◆ ACTIVITY
From the line containing "Une infirmière de" to the line containing "AE woman’s high waisted skinny kick size 14" in the entries below, reproduce every line exactly, ends included. Nothing else belongs in the copy, and no pictures.

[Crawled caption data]
◇ ◇ ◇

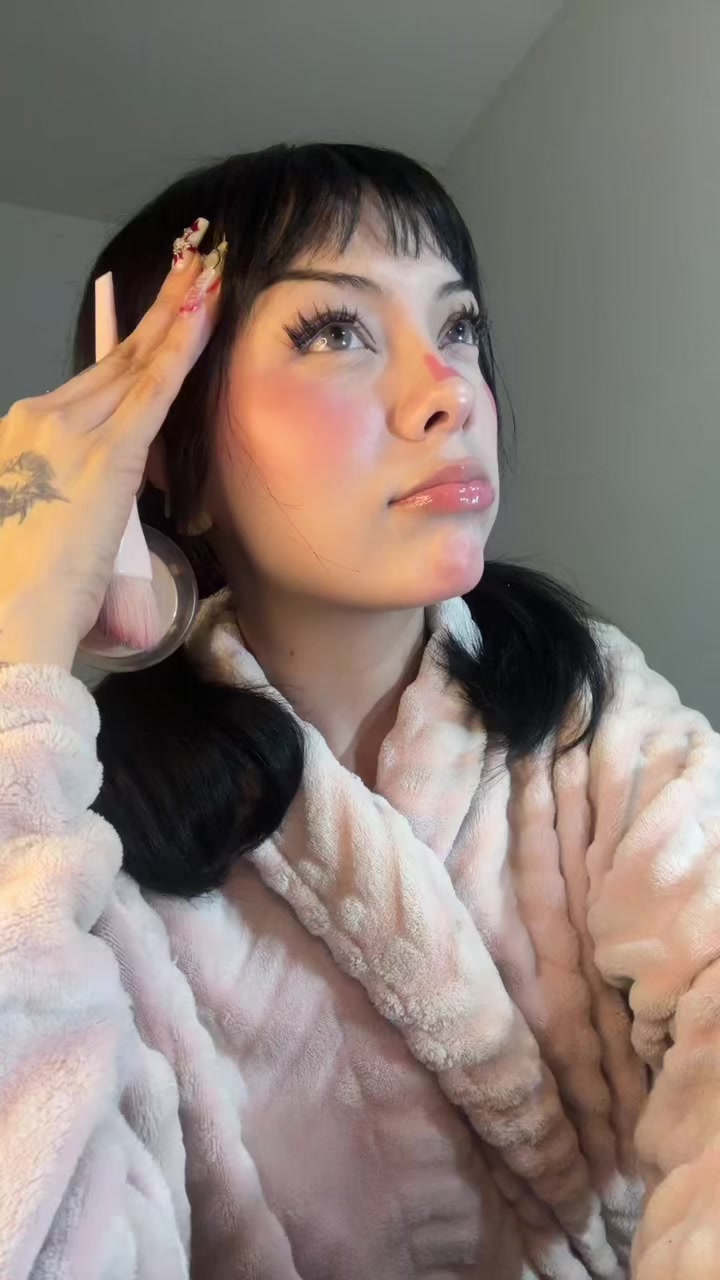 @SkinnyGhostiee🧛🏻&zwj;♀️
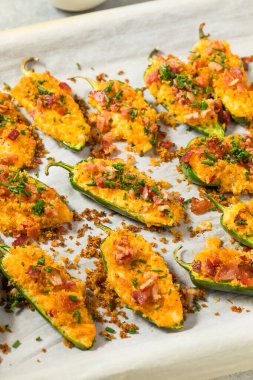Domuz pastırmalı ev yapımı Jalapeno Poppers ve Aperatif Ekmek Kırıntıları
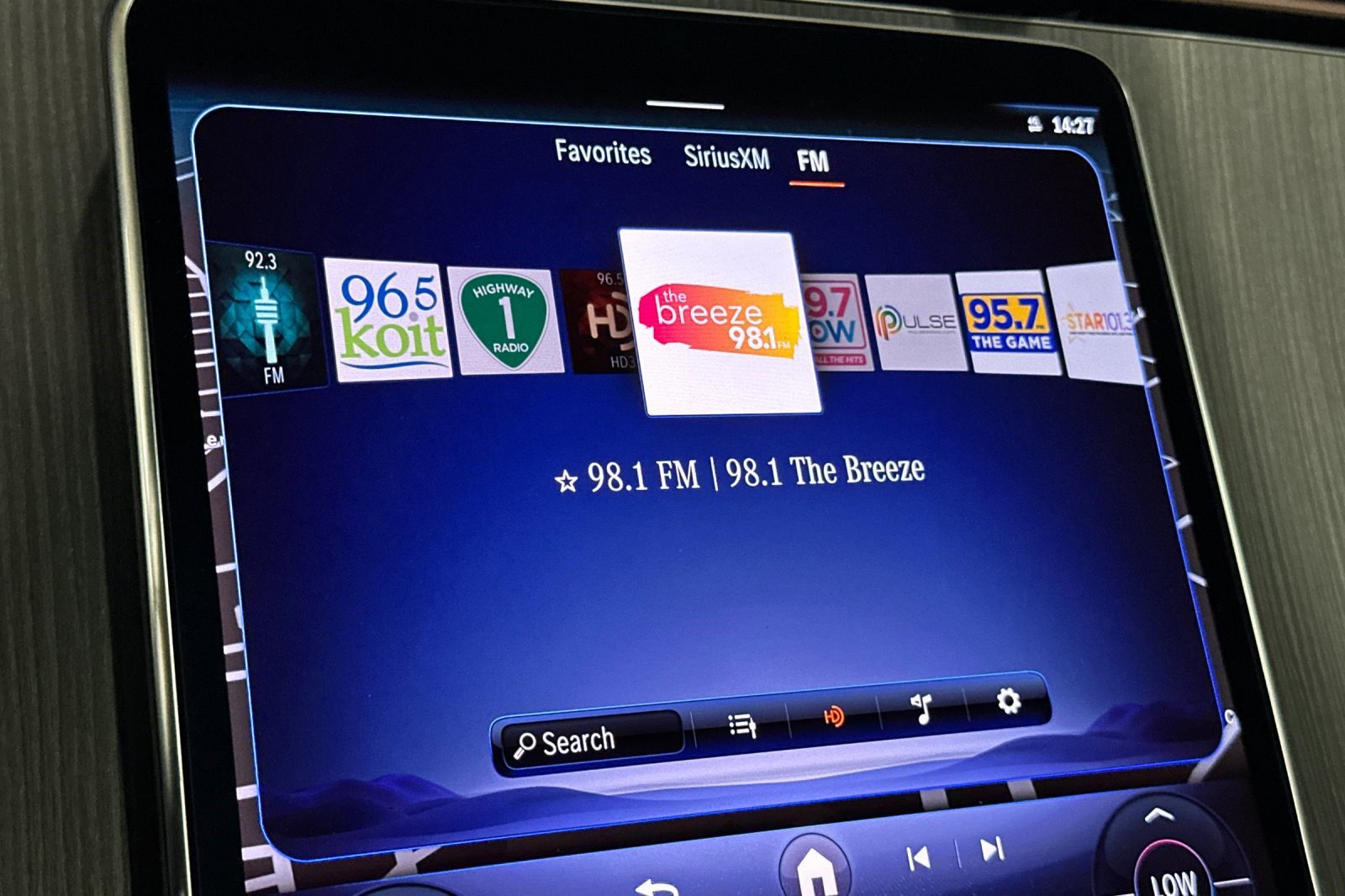 Used 2026 Mercedes-Benz EQE 320 4MATIC SUV image 23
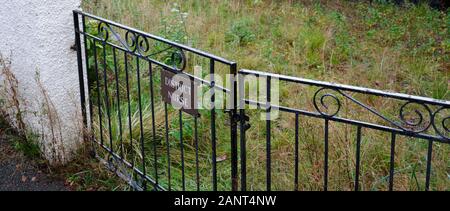 Une infirmière de district signe dépend de l'portes en fer forgé à l'abandonné Highland NHS Trust en chirurgie Cannich. 27/09/19 Banque D'Images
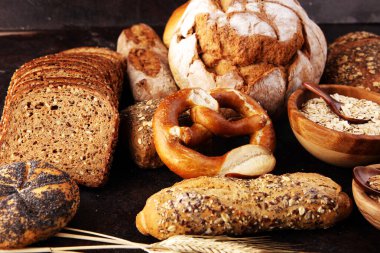 Fırında ekmek, ekmek ve dilimlenmiş ekmek çeşitleri.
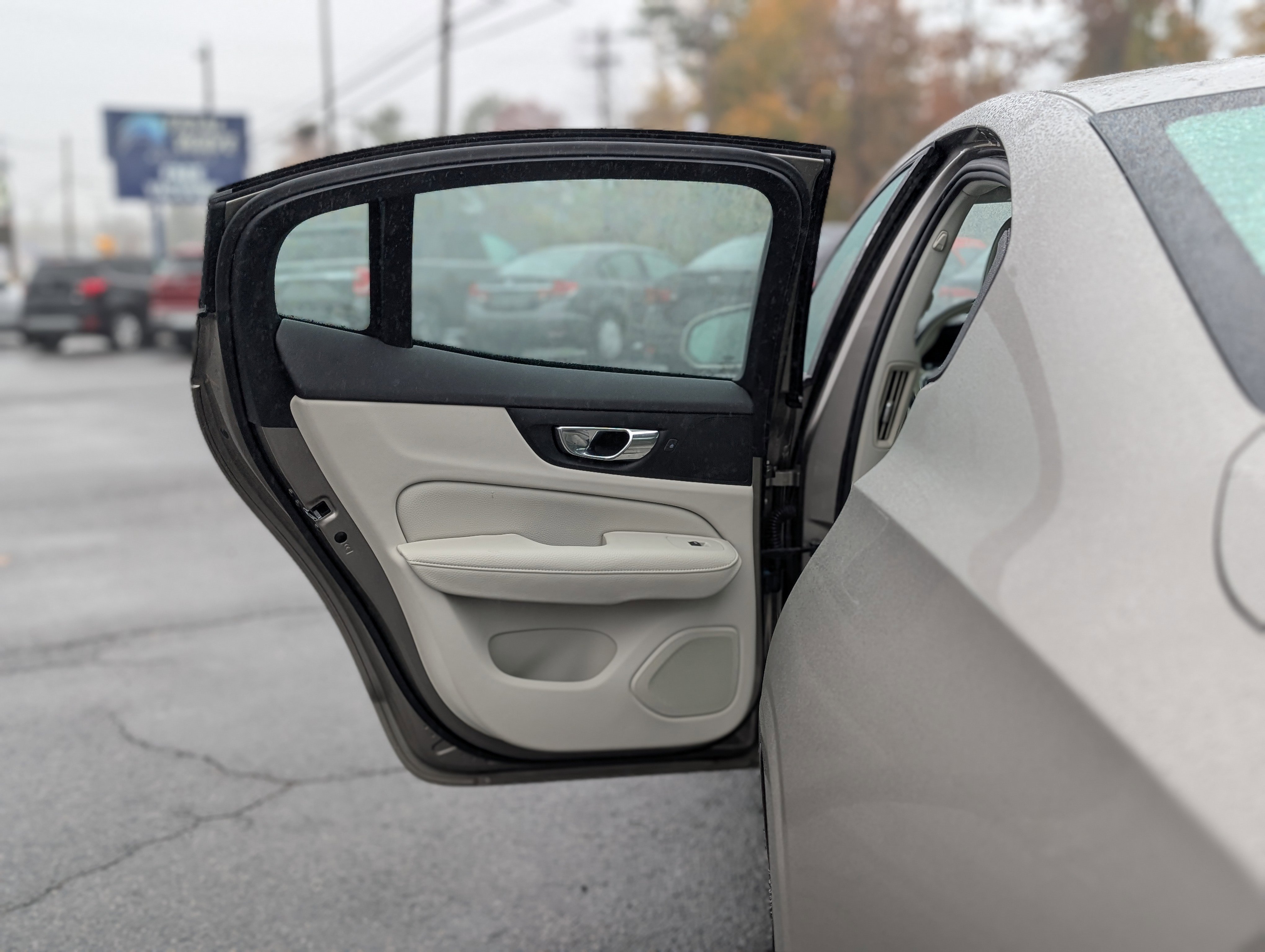 Used 2020 Volvo S60 T6 Momentum image 37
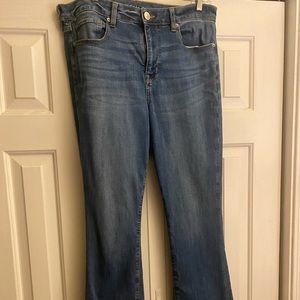 AE woman’s high waisted skinny kick size 14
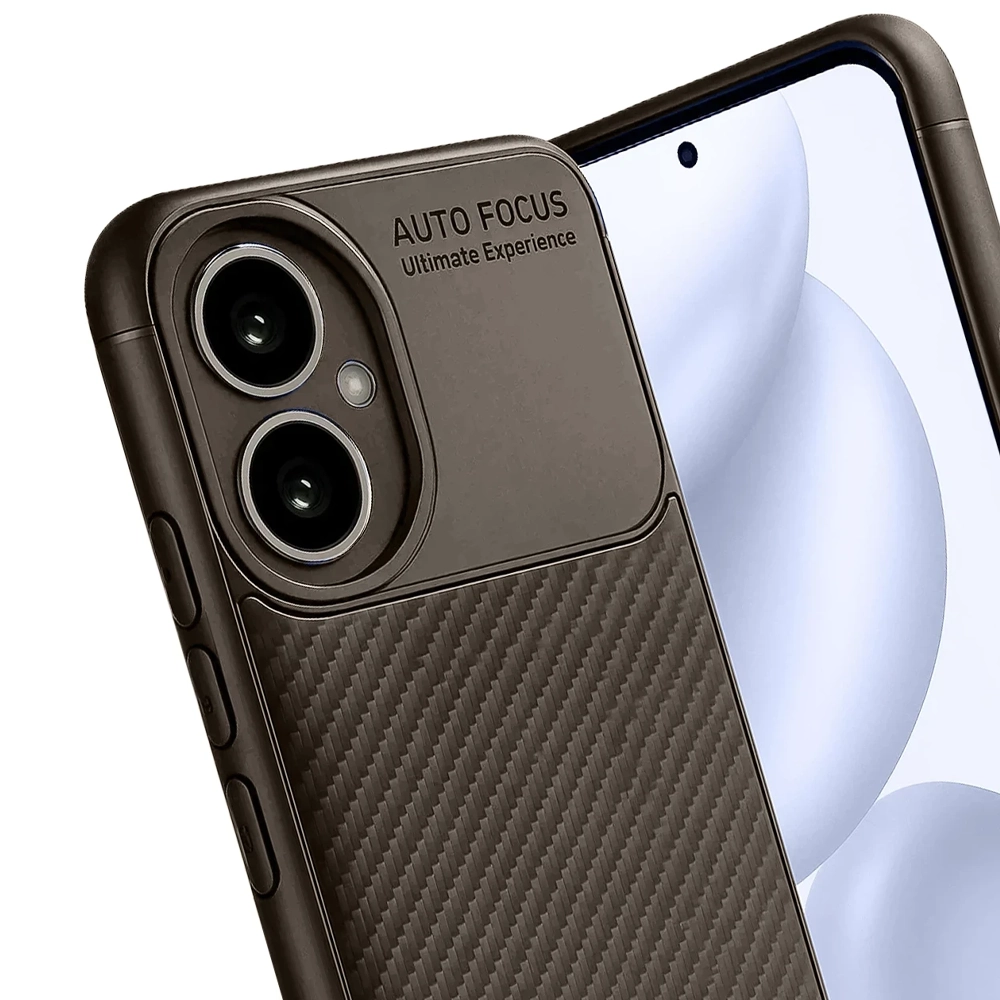Karbon desenli, iki kameralı koyu kahverengi telefon kılıfı.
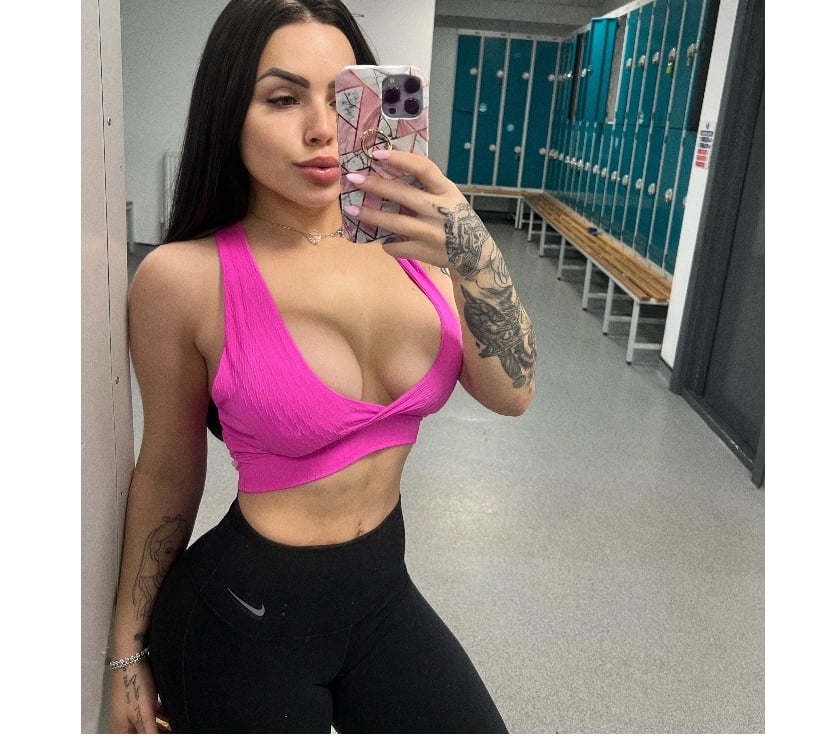 Escorts and Massages Birmingham City Centre Birmingham - Photos for 🇧🇷BELLA BRAZILIAN, LAST DAY🇧🇷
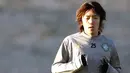 Celtic's Japanese midfielder Shunsuke Nakamura in a training session in Lennoxtown, Scotland, on December 9, 2008 ahead of their UEFA Champions League match against Villarreal on December 10 in Glasgow. AFP PHOTO/PAUL ELLIS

◇ ◇ ◇

◆ RESULT
 Une infirmière de district signe dépend de l'portes en fer forgé à l'abandonné Highland NHS Trust en chirurgie Cannich. 27/09/19 Banque D'Images
 Fırında ekmek, ekmek ve dilimlenmiş ekmek çeşitleri.
 Used 2020 Volvo S60 T6 Momentum image 37
 AE woman’s high waisted skinny kick size 14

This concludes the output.